Unlike throwing the baby out with the bathwater, disposing of pre-owned coffee isn't grounds for prosecution, but that doesn't make it any less useful when the afternoon doldrums begin their incessant pounding. Clearly, a pound of used java is worth two in the unplugged coffeepot, which is where the whole idea of disabling it goes terribly wrong.

The proof of this lies in the region below and slightly east of the sternum, where the effects of such a brouhaha are most pronounced. Simply put, those who don't have the stomach for strong coffee and bricked computers shouldn't be allowed to vote.
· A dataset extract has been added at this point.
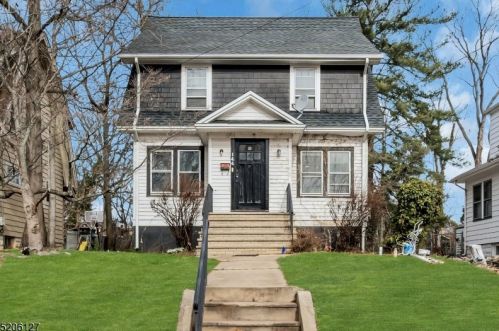 144 7th Ave, Roselle, NJ 07203-1940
I think that's what Custer was really trying to say.

 

The Track Less Travelled

Mining the train of thought. Blame loco motives for greasing the wheels that squeak, mouselike, above the caverns where coal blossoms grow. There, free from the pressures thrust upon their multifaceted kin, they live in monklike isolation, feeding on koans and comics with only the occasional canary to interrupt their scholarly pursuits.

When the mood is right, they shift to the left, swaying to the rhythm of the rails that run amok in their haste to make waste, for smog is seldom carbon-neutral in any botanical sense.
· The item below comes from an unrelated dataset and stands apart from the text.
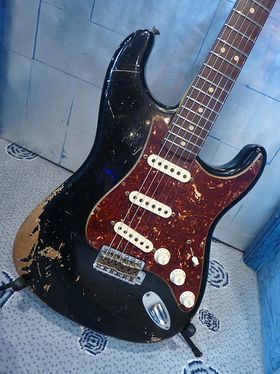101 Fender Custom Shop guitars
When the mood is in the seventh house, it's understood that harvest time has come. All that blossoms is not gold, but that's no reason to take chances during an identity crisis. Bags packed and passports at the ready, no 'niners are going to shovel their dreams away this time.

No sir.

 

Stairs in a Hurry

Pity the poor staircase. Where do the stairs go when they don't go anywhere at all? Downtrodden, the static staircase has little to be thankful for. Go ahead, walk all over me. That's what the staircase says. Upstairs? Downstairs? What does it matter? Direction is futile.

In its next life, the staircase wants to be an escalator. Pardon me if I stare, but those are some dynamic steps you have there. Stairs in motion. Stairs with a purpose. That's what people will say to the staircase in its next life.

I don't think elevators want to be reincarnated.

 

The Gumline of Sustainable Agriculture

Eh bwa. We ur stik peepul. We ar smrt. Brushing my tooth this morning, it dawned on me that, like gingivitis, the root of sustainable agriculture lies just below the gumline. This strikes casual inspection from the list of effective tools we might use to sniff out unwanted decay, or potatoes.

While an entrenching tool is certainly useful, no such certainty exists when the time comes to poke holes in the half-baked specimen turning in a field of microscopic waves. Here, tradition speaks louder than words, which is where the humble fork comes in to play a quick game of Fiddlesticks before turning to the task at hand, which is poking holes in a half-baked caricature of sustainable agriculture. But you already knew that.

What you may not have known is how potato-farming ties in with my tooth.